Descrever um padrão (ou regularidade) de sequências repetitivas e de sequências recursivas, por meio de palavras, símbolos ou desenhos.

ÁlgebraIdentificação de regularidade de sequências e determinação de elementos ausentes na sequência
CE

Escrito pela equipe pedagógica do Profez

Conteúdo revisado por professores com experiência em sala de aula · Atualizado para 2026

Olha, essa habilidade EF02MA10 da BNCC é aquele lance de os meninos começarem a reconhecer padrões em uma sequência. É tipo quando eles conseguem olhar uma sequência de números, desenhos ou qualquer coisa assim e perceber que tem uma lógica ali, sabe? Por exemplo, se você mostrar uma sequência tipo 2, 4, 6, 8, eles percebem que o padrão é "pula de dois em dois". Ou se são triângulos azuis e vermelhos alternados, eles precisam sacar que a cada triângulo azul vem um vermelho. A ideia é que eles consigam não só identificar esse padrão, mas também continuar a sequência ou preencher partes faltantes.

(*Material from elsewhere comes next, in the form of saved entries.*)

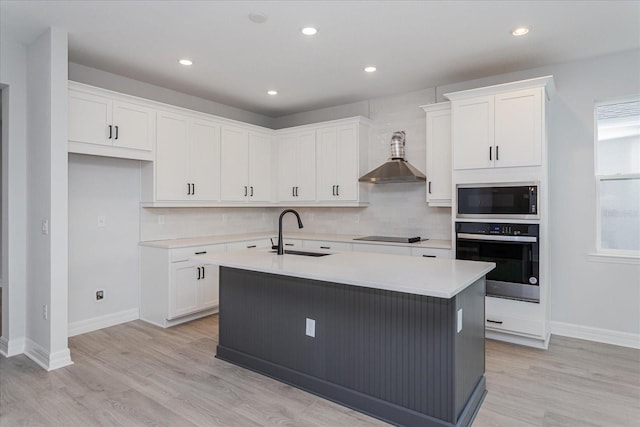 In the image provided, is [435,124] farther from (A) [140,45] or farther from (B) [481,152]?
(A) [140,45]

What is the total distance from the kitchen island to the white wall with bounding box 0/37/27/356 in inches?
69.6

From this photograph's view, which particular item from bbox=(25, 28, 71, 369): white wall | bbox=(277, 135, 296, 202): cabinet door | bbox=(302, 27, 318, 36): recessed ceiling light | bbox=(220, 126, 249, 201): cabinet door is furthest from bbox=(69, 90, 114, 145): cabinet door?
bbox=(277, 135, 296, 202): cabinet door

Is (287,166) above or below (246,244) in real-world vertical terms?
above

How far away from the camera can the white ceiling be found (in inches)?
105

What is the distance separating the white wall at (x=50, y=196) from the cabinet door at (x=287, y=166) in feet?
9.34

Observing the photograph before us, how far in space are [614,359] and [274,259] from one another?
2990 mm

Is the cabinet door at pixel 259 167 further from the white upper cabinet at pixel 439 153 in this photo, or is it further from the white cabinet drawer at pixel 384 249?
the white upper cabinet at pixel 439 153

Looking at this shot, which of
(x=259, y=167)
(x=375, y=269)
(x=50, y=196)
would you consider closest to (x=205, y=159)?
(x=259, y=167)

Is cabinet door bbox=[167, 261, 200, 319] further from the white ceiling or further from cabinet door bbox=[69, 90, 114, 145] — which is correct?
the white ceiling

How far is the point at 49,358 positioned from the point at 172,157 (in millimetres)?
2236

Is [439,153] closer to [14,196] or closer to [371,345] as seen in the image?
[371,345]

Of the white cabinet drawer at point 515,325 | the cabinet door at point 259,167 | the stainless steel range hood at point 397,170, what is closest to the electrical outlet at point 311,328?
the white cabinet drawer at point 515,325

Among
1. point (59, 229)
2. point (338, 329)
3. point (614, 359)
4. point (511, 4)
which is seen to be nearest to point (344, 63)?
point (511, 4)

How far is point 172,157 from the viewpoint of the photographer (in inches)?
166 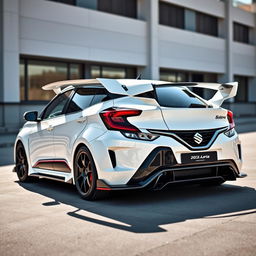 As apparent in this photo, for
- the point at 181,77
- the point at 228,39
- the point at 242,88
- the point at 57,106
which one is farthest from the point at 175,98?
the point at 242,88

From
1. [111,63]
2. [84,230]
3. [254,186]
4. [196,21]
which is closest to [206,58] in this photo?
[196,21]

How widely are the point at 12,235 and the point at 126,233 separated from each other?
1.05 meters

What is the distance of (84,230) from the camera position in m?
5.18

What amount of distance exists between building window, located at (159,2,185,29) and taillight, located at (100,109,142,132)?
28.3m

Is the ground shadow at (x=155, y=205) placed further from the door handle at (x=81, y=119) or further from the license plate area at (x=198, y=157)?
the door handle at (x=81, y=119)

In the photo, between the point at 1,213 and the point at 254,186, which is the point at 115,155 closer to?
the point at 1,213

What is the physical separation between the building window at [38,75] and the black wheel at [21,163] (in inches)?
698

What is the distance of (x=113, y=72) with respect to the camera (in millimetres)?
31797

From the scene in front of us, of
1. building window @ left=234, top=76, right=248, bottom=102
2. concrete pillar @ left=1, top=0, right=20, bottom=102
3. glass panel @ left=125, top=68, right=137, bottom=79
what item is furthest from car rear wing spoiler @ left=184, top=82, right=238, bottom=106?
building window @ left=234, top=76, right=248, bottom=102

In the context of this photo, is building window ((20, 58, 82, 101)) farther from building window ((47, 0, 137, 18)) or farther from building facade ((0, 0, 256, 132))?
building window ((47, 0, 137, 18))

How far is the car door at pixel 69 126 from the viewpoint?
7078 mm

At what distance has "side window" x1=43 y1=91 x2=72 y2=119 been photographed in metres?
7.88

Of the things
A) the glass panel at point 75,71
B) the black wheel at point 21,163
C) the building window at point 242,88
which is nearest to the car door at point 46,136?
the black wheel at point 21,163

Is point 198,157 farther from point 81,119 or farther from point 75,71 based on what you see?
point 75,71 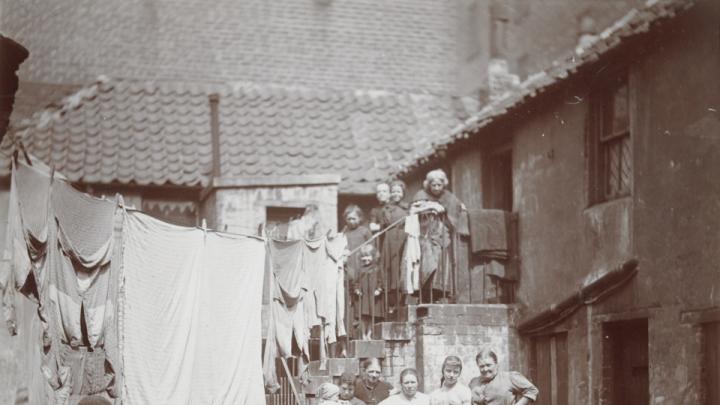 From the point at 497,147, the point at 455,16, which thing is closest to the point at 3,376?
the point at 497,147

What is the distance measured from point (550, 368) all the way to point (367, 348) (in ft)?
8.00

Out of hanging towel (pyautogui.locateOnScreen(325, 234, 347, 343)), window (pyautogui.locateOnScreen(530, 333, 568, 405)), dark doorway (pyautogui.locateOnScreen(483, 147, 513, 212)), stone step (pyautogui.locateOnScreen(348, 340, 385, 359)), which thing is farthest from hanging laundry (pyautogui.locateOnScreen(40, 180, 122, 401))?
dark doorway (pyautogui.locateOnScreen(483, 147, 513, 212))

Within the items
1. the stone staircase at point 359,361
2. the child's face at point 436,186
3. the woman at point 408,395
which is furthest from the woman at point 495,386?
the child's face at point 436,186

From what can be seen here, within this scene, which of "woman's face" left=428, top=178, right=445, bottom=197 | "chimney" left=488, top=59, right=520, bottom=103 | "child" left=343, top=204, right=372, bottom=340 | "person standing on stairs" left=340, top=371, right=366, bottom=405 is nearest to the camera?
"person standing on stairs" left=340, top=371, right=366, bottom=405

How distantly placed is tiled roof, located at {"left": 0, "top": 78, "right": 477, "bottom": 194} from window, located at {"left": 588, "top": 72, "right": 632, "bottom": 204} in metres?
6.85

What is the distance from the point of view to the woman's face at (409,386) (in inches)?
460

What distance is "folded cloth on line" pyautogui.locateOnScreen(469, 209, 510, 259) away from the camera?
16.1 metres

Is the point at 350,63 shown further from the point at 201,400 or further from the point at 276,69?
the point at 201,400

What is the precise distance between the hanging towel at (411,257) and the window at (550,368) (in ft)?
6.00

Na prática, isso significa que os alunos precisam começar a pensar de forma lógica e organizada. Eles já vêm do primeiro ano com noção básica de contagem e algumas sequências simples, tipo contar de um em um ou repetir alguns movimentos. Agora, no segundo ano, é hora de sofisticar essas noções. Ao invés de só contar de um em um, eles começam a fazer contagens mais complexas, perceberem padrões visuais e até criar seus próprios padrões.

Uma coisa que faço na minha sala é usar materiais bem simples pra introduzir esses conceitos. A primeira atividade que gosto de fazer é com tampinhas de garrafa. A gente junta um monte delas antes da aula e eu levo caixas cheias pra sala. Normalmente divido a turma em grupos de quatro ou cinco alunos e dou pra cada grupo umas vinte tampinhas de cores diferentes. Peço que montem uma sequência com as tampinhas. Aí eles têm que explicar pros colegas o padrão que criaram. Essa atividade costuma durar uns 30 minutos.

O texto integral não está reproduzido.